Monday 4 May 2015

How much memory will it take to store a single character string in Python 3?

Been investigating an unexpected bloat in one of my Python programs and stumbled upon this fairly surprising result. As I was storing a lot of short strings, I decided to see how much space a one character long string ('x') takes. As it turns out, a whole friggin' lot! Below I'm providing the structure used to store a string object in CPython, with all the macros expanded. Every string object gets a separate copy of this structure.
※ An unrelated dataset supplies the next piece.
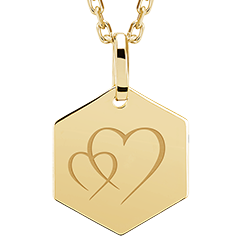 Hexagonal medal engraved - 9K yellow gold - Lovely Yours Collection - Edenly Yours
See unicodeobject.h and object.h for details.

The data below pertains to the 64-bit interpreter version, on the 32-bit version the total size should be smaller.

typedef struct {
    /* _PyObject_HEAD_EXTRA */
    /* me: All objects are linked in a list. */
    struct _object *_ob_next;
    struct _object *_ob_prev;
    /* PyObject_HEAD */
    /* me: Py_ssize_t is 4 bytes long. */
    Py_ssize_t ob_refcnt
    struct _typeobject *ob_type;
    Py_ssize_t length;          /* Number of code points in the string */
    /* me: Py_hash_t is 4 bytes long. */
    Py_hash_t hash;             /* Hash value; -1 if not set */
    struct {
        unsigned int interned:2;
        unsigned int kind:3;
        unsigned int compact:1;
        unsigned int ascii:1;
        unsigned int ready:1;
        unsigned int :24;
    } state;
    wchar_t *wstr;              /* wchar_t representation (null-terminated) */
} PyASCIIObject;

Total = sizeof(PyAscIIObject) + strlen('x') = 48 + 2 = 50. The same number can be obtained from within Python by using the standard sys.getsizeof() function:
>>> sys.getsizeof('x')
50

50 bytes to store a single character string. Yikes!

P.S. One seemingly obvious optimization would be to lay objects in memory in a way that logically adjacent objects are close to each other in memory, so instead of using 8-byte pointers 2/4-byte offsets would suffice. (I'm a newbie though, so I have absolutely no clue how feasible that would be in CPython.)